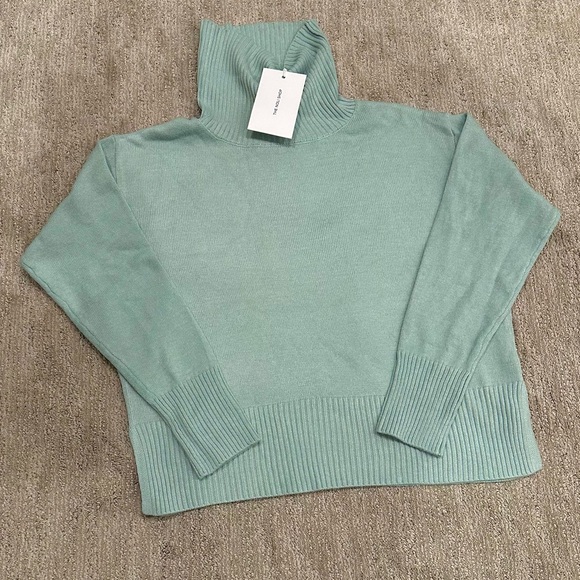 Noli Shop monochromatic sweater and vegan leather pants set. New with tags. - Picture 3 of 5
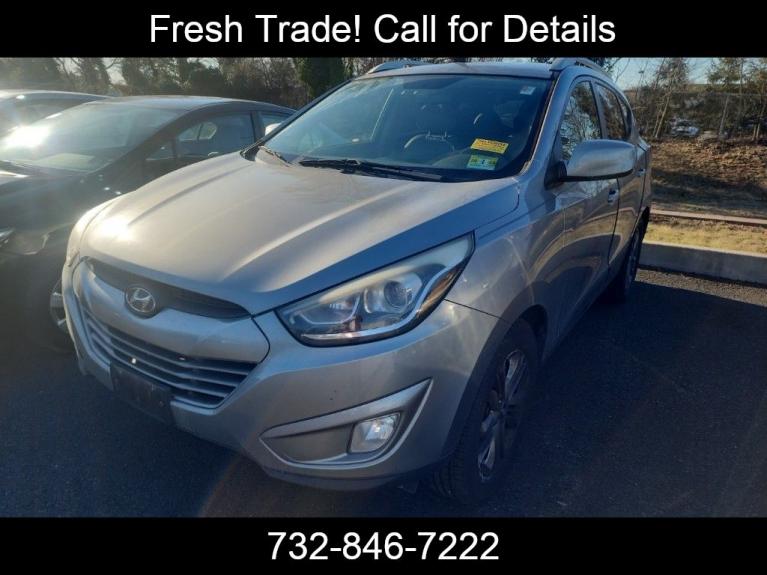 Used 2014 Hyundai Tucson SE for sale Sold at Victory Lotus in New Brunswick, NJ 08901 1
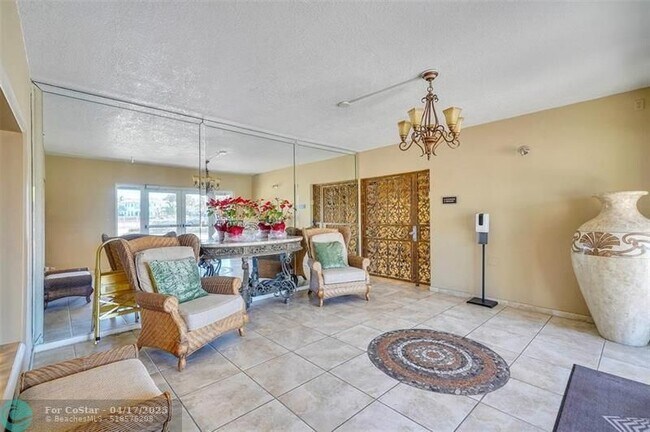 Building Photo - 1401 S Ocean Dr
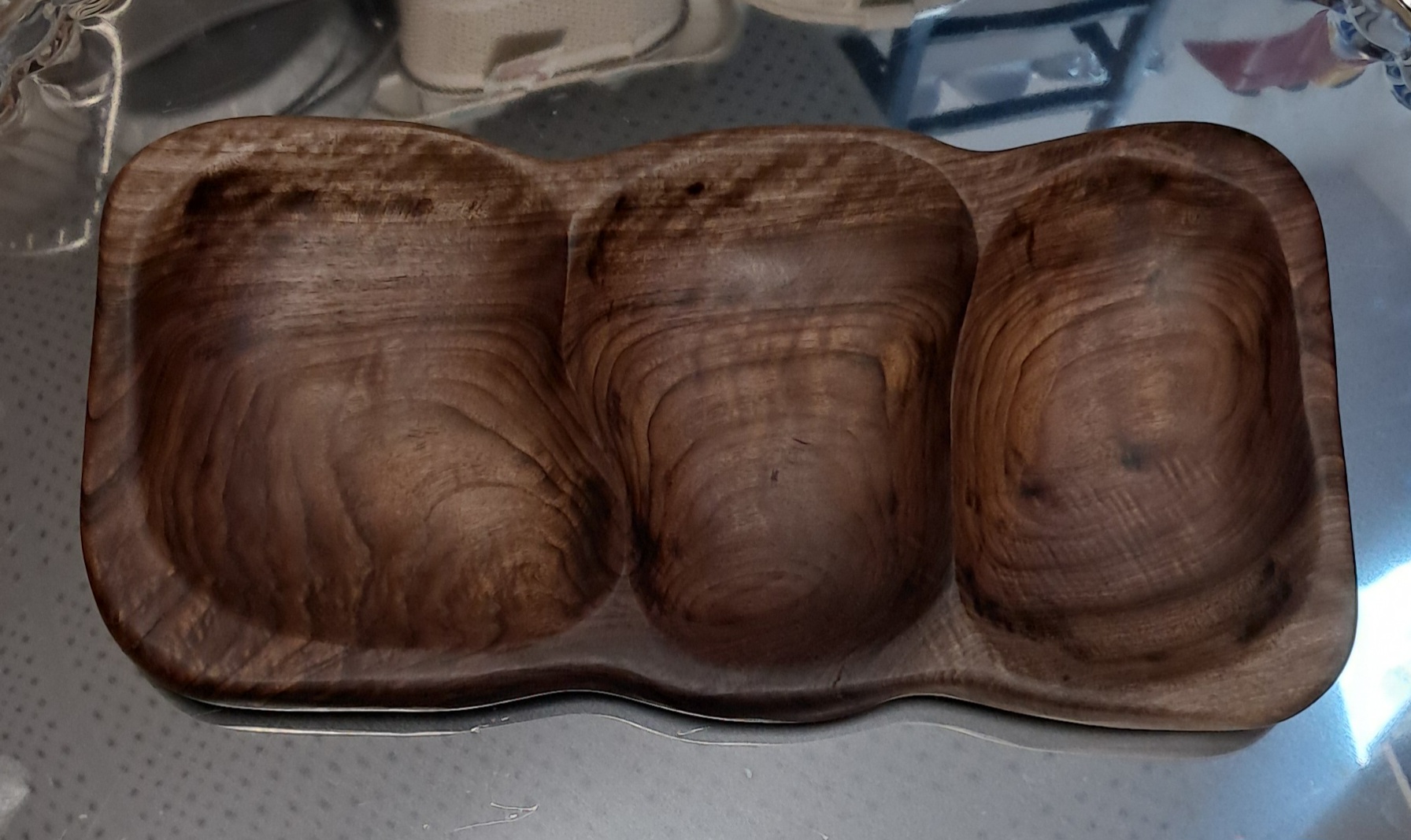 اردورخوری چوبی گردو سه خانه متوسط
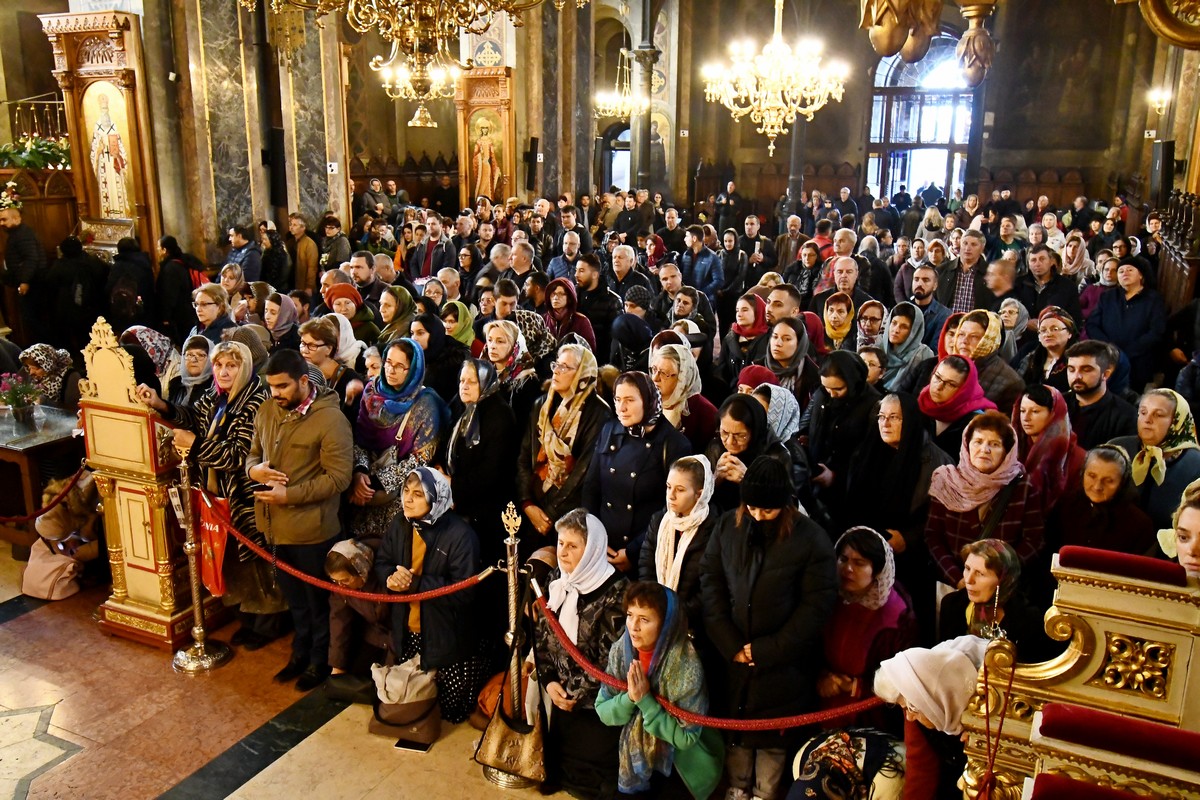 Prima Liturghie arhierească din programul sărbătorii Sfintei Parascheva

__What needs to be done__: Without the pictures, transcribe the listing above exactly.

__The answer__:
 Noli Shop monochromatic sweater and vegan leather pants set. New with tags. - Picture 3 of 5
 Used 2014 Hyundai Tucson SE for sale Sold at Victory Lotus in New Brunswick, NJ 08901 1
 Building Photo - 1401 S Ocean Dr
 اردورخوری چوبی گردو سه خانه متوسط
 Prima Liturghie arhierească din programul sărbătorii Sfintei Parascheva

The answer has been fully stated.